### WHAT TO DO
The result should be an exact copy of every record, with no pictures kept.

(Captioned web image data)
══════

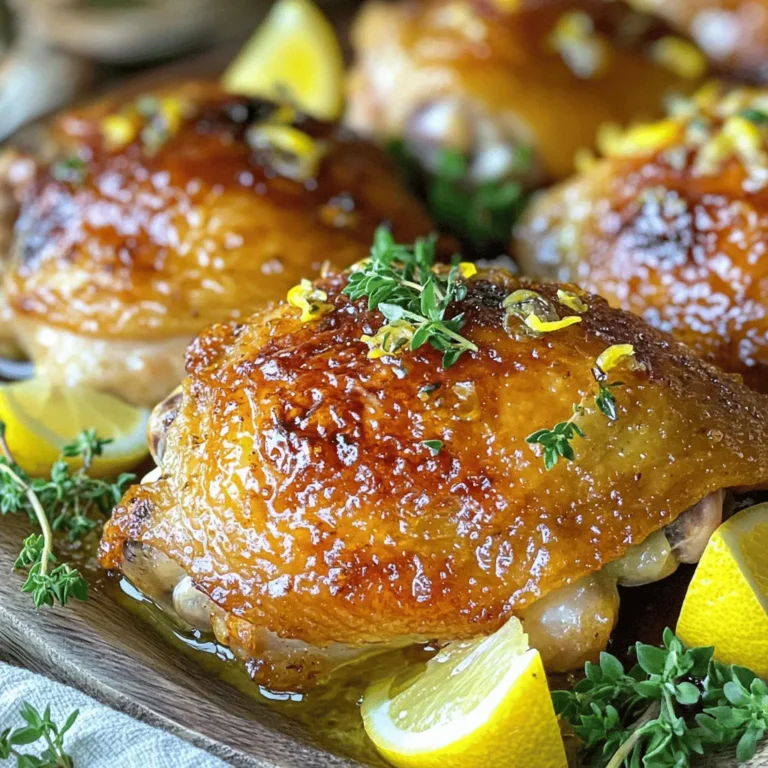 - Chicken thighs: skin-on and bone-in - Fresh herbs: thyme and parsley - Garlic and lemons: zested and juiced - Olive oil - Sea salt - Black pepper - Smoked paprika - Bowl for marinade - Baking dish or sheet - Meat thermometer Gathering the right ingredients makes a big difference. I love using skin-on, bone-in chicken thighs. They stay juicy and tender during cooking. Fresh herbs like thyme and parsley brighten the dish. Zesting and juicing lemons adds a zing that lifts the flavors. For seasonings, olive oil is my go-to. It adds richness and helps the skin crisp up. Sea salt and black pepper enhance the chicken's natural taste. Smoked paprika gives a warm, smoky note. These ingredients blend perfectly, making each bite a delight. You need just a few tools to get started. A bowl helps me mix the marinade well. I prefer a baking dish or sheet for roasting. A meat thermometer is key for checking doneness. It ensures the chicken cooks safely and evenly. For the [Full Recipe], follow the steps closely to make sure your dish shines. Enjoy the process and savor the tasty results! - Preheat the oven to 425°F (220°C). - In a bowl, mix the marinade ingredients: minced garlic, lemon juice, lemon zest, thyme, olive oil, sea salt, black pepper, and smoked paprika. This blend gives your chicken a bright and zesty flavor. - Take the chicken thighs and coat them well with the marinade. Ensure every part gets that tasty mixture. - For the best flavor, marinate the chicken for at least 30 minutes. You can leave it for up to 4 hours in the fridge. This time allows the flavors to soak in deeply. - Arrange the marinated chicken thighs skin-side up on a baking sheet. Spread them out evenly for even cooking. - Roast the chicken in the preheated oven for about 35 to 40 minutes. You want the chicken to reach an internal temperature of 165°F (75°C). This ensures it's safe to eat. The skin should turn golden brown and crispy, making it look as good as it tastes. For the Full Recipe, check the ingredients and detailed steps to make this delicious dish come to life! To get juicy chicken, marination is key. I recommend marinating the chicken thighs for at least 30 minutes. If you have time, let them sit for up to 4 hours. This helps the flavors sink in and keeps the meat moist. To check if the chicken is done, use a meat thermometer. It should read 165°F (75°C) in the thickest part of the thigh. This ensures the chicken is safe to eat and prevents dryness. For crispy skin, start by patting the chicken thighs dry before adding the marinade. This step helps the skin crisp up in the oven. When roasting, place the chicken skin-side up on the baking sheet. For an extra crunch, turn on the broiler for the last few minutes of cooking. Keep a close eye on it to prevent burning. This method gives you that golden, crispy finish we all love. Lemon garlic roasted chicken thighs pair well with many sides. I love serving them with roasted vegetables or a fresh green salad. These sides add color and balance the rich flavors of the chicken. For a lovely presentation, arrange the chicken on a large platter. Garnish with lemon wedges and fresh thyme. This not only looks great but adds a burst of flavor when served. You can find the full recipe to try at home! {{image_4}} You can switch up the herbs and citrus for fun flavors. Try rosemary or oregano instead of thyme. For citrus, lime or orange adds a nice twist. If you like heat, mix in some red pepper flakes. This gives your chicken a spicy kick. You can grill or roast the chicken. Grilling gives it a smoky flavor, while roasting keeps it juicy. If you choose to grill, marinate the chicken as usual. Then, cook on medium heat for about 25 minutes. Flip halfway for even cooking. For a slow cooker, place the marinated chicken in the pot. Cook on low for 6 to 8 hours. This method makes the chicken super tender and full of flavor. If you need gluten-free options, this recipe works great! Just check your spice labels for hidden gluten. For dairy-free diets, use olive oil as your fat. If you want to lower sodium, cut back on the sea salt. You can also use herbs and spices for flavor. This way, you keep the taste without the salt. Check out the Full Recipe to explore all these fun variations! To store leftovers safely, place the chicken in an airtight container. This keeps bacteria out and helps maintain freshness. You can store it in the fridge for up to four days. After that, the taste and quality may fade. You can freeze cooked chicken for future meals. Wrap the chicken tightly in plastic wrap and then in foil. This prevents freezer burn. It’s best to eat the frozen chicken within three months for the best taste. To thaw, move the chicken to the fridge overnight. This keeps it at a safe temperature. If you're in a hurry, you can use the microwave. Just be careful not to cook it while thawing. To reheat your chicken, use the oven. Set it to 350°F (175°C) for even heating. Place the chicken in a baking dish. Cover it with foil to keep it moist. Heat for about 15-20 minutes or until it reaches an internal temperature of 165°F (74°C). You can also use a skillet. Heat it over medium heat. Add a splash of water or broth to keep the chicken juicy. Cook for about five to seven minutes, flipping halfway. Enjoy your flavorful lemon garlic roasted chicken thighs again! Marinate the chicken thighs for at least 30 minutes. This allows the flavors to soak in. For a stronger taste, you can marinate them for up to 4 hours. Just remember, longer marination means more flavor! Yes, you can use boneless chicken thighs. They will cook faster, so reduce the roasting time to about 25-30 minutes. Always check for doneness to ensure they are safe to eat. You can serve many sides with this dish. Roasted vegetables, like carrots or broccoli, pair well. A fresh green salad adds a light touch. Mashed potatoes or rice can also make a hearty meal. Using a meat thermometer is key. The chicken should reach an internal temperature of 165°F (75°C). Check the thickest part of the thigh for the most accurate reading. This ensures your chicken is safe and juicy. In this article, we covered how to make lemon garlic roasted chicken thighs. We discussed key ingredients like chicken thighs, fresh herbs, garlic, and lemons. You learned step-by-step instructions for marinating and roasting the chicken. Tips for juicy meat and crispy skin were included, along with tasty serving ideas. We also explored variations, storage options, and common questions. With this knowledge, you can create a flavorful dish that impresses your family. Enjoy cooking and make this meal your own!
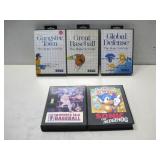 (5) Vintage Sega Genesis Game Cartridges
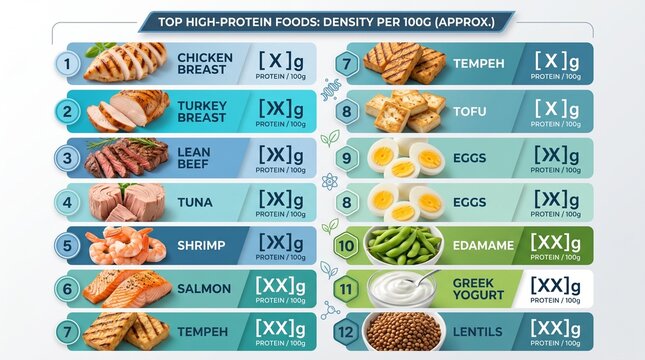 Top high-protein foods list infographic showing protein density per 100g for meats, seafood, dairy, and plant-based options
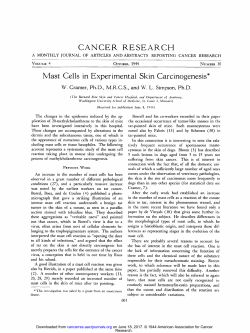 Mast Cells in Experimental Skin Carcinogenesis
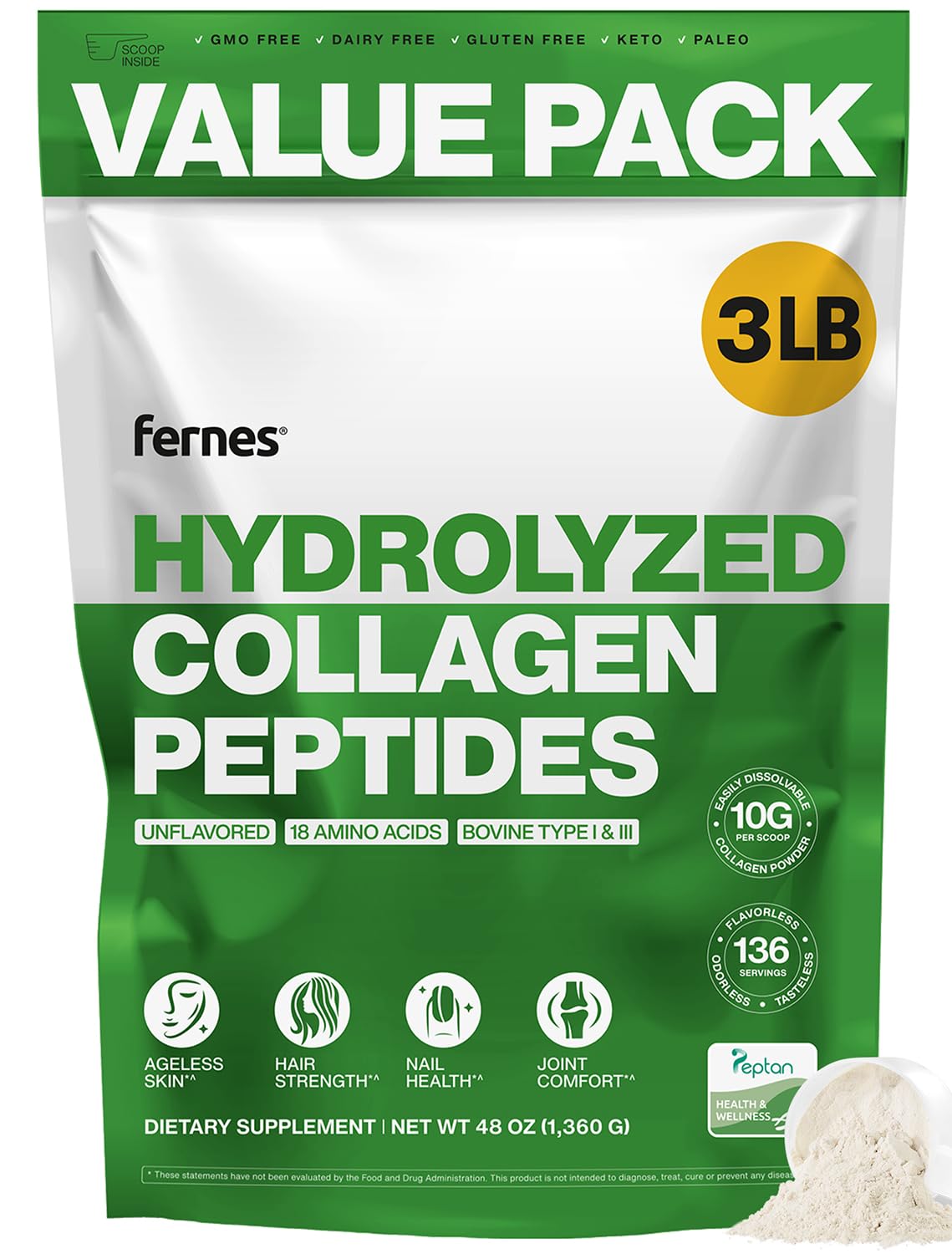 Fernes Collagen Peptides Powder front view packaging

══════

### RESPONSE FOR THIS EXERCISE
 - Chicken thighs: skin-on and bone-in - Fresh herbs: thyme and parsley - Garlic and lemons: zested and juiced - Olive oil - Sea salt - Black pepper - Smoked paprika - Bowl for marinade - Baking dish or sheet - Meat thermometer Gathering the right ingredients makes a big difference. I love using skin-on, bone-in chicken thighs. They stay juicy and tender during cooking. Fresh herbs like thyme and parsley brighten the dish. Zesting and juicing lemons adds a zing that lifts the flavors. For seasonings, olive oil is my go-to. It adds richness and helps the skin crisp up. Sea salt and black pepper enhance the chicken's natural taste. Smoked paprika gives a warm, smoky note. These ingredients blend perfectly, making each bite a delight. You need just a few tools to get started. A bowl helps me mix the marinade well. I prefer a baking dish or sheet for roasting. A meat thermometer is key for checking doneness. It ensures the chicken cooks safely and evenly. For the [Full Recipe], follow the steps closely to make sure your dish shines. Enjoy the process and savor the tasty results! - Preheat the oven to 425°F (220°C). - In a bowl, mix the marinade ingredients: minced garlic, lemon juice, lemon zest, thyme, olive oil, sea salt, black pepper, and smoked paprika. This blend gives your chicken a bright and zesty flavor. - Take the chicken thighs and coat them well with the marinade. Ensure every part gets that tasty mixture. - For the best flavor, marinate the chicken for at least 30 minutes. You can leave it for up to 4 hours in the fridge. This time allows the flavors to soak in deeply. - Arrange the marinated chicken thighs skin-side up on a baking sheet. Spread them out evenly for even cooking. - Roast the chicken in the preheated oven for about 35 to 40 minutes. You want the chicken to reach an internal temperature of 165°F (75°C). This ensures it's safe to eat. The skin should turn golden brown and crispy, making it look as good as it tastes. For the Full Recipe, check the ingredients and detailed steps to make this delicious dish come to life! To get juicy chicken, marination is key. I recommend marinating the chicken thighs for at least 30 minutes. If you have time, let them sit for up to 4 hours. This helps the flavors sink in and keeps the meat moist. To check if the chicken is done, use a meat thermometer. It should read 165°F (75°C) in the thickest part of the thigh. This ensures the chicken is safe to eat and prevents dryness. For crispy skin, start by patting the chicken thighs dry before adding the marinade. This step helps the skin crisp up in the oven. When roasting, place the chicken skin-side up on the baking sheet. For an extra crunch, turn on the broiler for the last few minutes of cooking. Keep a close eye on it to prevent burning. This method gives you that golden, crispy finish we all love. Lemon garlic roasted chicken thighs pair well with many sides. I love serving them with roasted vegetables or a fresh green salad. These sides add color and balance the rich flavors of the chicken. For a lovely presentation, arrange the chicken on a large platter. Garnish with lemon wedges and fresh thyme. This not only looks great but adds a burst of flavor when served. You can find the full recipe to try at home! {{image_4}} You can switch up the herbs and citrus for fun flavors. Try rosemary or oregano instead of thyme. For citrus, lime or orange adds a nice twist. If you like heat, mix in some red pepper flakes. This gives your chicken a spicy kick. You can grill or roast the chicken. Grilling gives it a smoky flavor, while roasting keeps it juicy. If you choose to grill, marinate the chicken as usual. Then, cook on medium heat for about 25 minutes. Flip halfway for even cooking. For a slow cooker, place the marinated chicken in the pot. Cook on low for 6 to 8 hours. This method makes the chicken super tender and full of flavor. If you need gluten-free options, this recipe works great! Just check your spice labels for hidden gluten. For dairy-free diets, use olive oil as your fat. If you want to lower sodium, cut back on the sea salt. You can also use herbs and spices for flavor. This way, you keep the taste without the salt. Check out the Full Recipe to explore all these fun variations! To store leftovers safely, place the chicken in an airtight container. This keeps bacteria out and helps maintain freshness. You can store it in the fridge for up to four days. After that, the taste and quality may fade. You can freeze cooked chicken for future meals. Wrap the chicken tightly in plastic wrap and then in foil. This prevents freezer burn. It’s best to eat the frozen chicken within three months for the best taste. To thaw, move the chicken to the fridge overnight. This keeps it at a safe temperature. If you're in a hurry, you can use the microwave. Just be careful not to cook it while thawing. To reheat your chicken, use the oven. Set it to 350°F (175°C) for even heating. Place the chicken in a baking dish. Cover it with foil to keep it moist. Heat for about 15-20 minutes or until it reaches an internal temperature of 165°F (74°C). You can also use a skillet. Heat it over medium heat. Add a splash of water or broth to keep the chicken juicy. Cook for about five to seven minutes, flipping halfway. Enjoy your flavorful lemon garlic roasted chicken thighs again! Marinate the chicken thighs for at least 30 minutes. This allows the flavors to soak in. For a stronger taste, you can marinate them for up to 4 hours. Just remember, longer marination means more flavor! Yes, you can use boneless chicken thighs. They will cook faster, so reduce the roasting time to about 25-30 minutes. Always check for doneness to ensure they are safe to eat. You can serve many sides with this dish. Roasted vegetables, like carrots or broccoli, pair well. A fresh green salad adds a light touch. Mashed potatoes or rice can also make a hearty meal. Using a meat thermometer is key. The chicken should reach an internal temperature of 165°F (75°C). Check the thickest part of the thigh for the most accurate reading. This ensures your chicken is safe and juicy. In this article, we covered how to make lemon garlic roasted chicken thighs. We discussed key ingredients like chicken thighs, fresh herbs, garlic, and lemons. You learned step-by-step instructions for marinating and roasting the chicken. Tips for juicy meat and crispy skin were included, along with tasty serving ideas. We also explored variations, storage options, and common questions. With this knowledge, you can create a flavorful dish that impresses your family. Enjoy cooking and make this meal your own!
 (5) Vintage Sega Genesis Game Cartridges
 Top high-protein foods list infographic showing protein density per 100g for meats, seafood, dairy, and plant-based options
 Mast Cells in Experimental Skin Carcinogenesis
 Fernes Collagen Peptides Powder front view packaging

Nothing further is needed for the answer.